(Dataset records Opens)
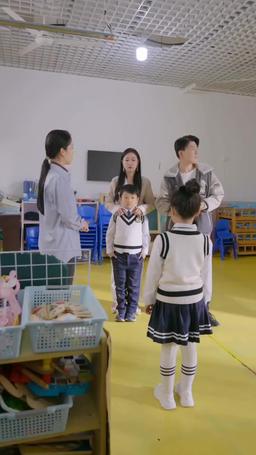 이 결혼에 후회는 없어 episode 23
(Dataset records Closes)
(Dataset records Opens)
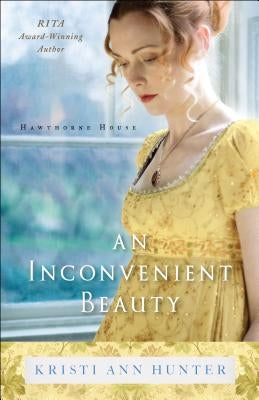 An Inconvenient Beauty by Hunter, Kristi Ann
(Dataset records Closes)
(Dataset records Opens)
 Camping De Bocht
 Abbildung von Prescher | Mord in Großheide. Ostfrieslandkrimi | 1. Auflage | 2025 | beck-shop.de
(Dataset records Closes)
Exercise aim:
Where the listing above has a line with "Camping De Bocht", start there, and output every line exactly through the line with "Abbildung von Prescher", which is also included.

Answer for the task:
 Camping De Bocht
 Abbildung von Prescher | Mord in Großheide. Ostfrieslandkrimi | 1. Auflage | 2025 | beck-shop.de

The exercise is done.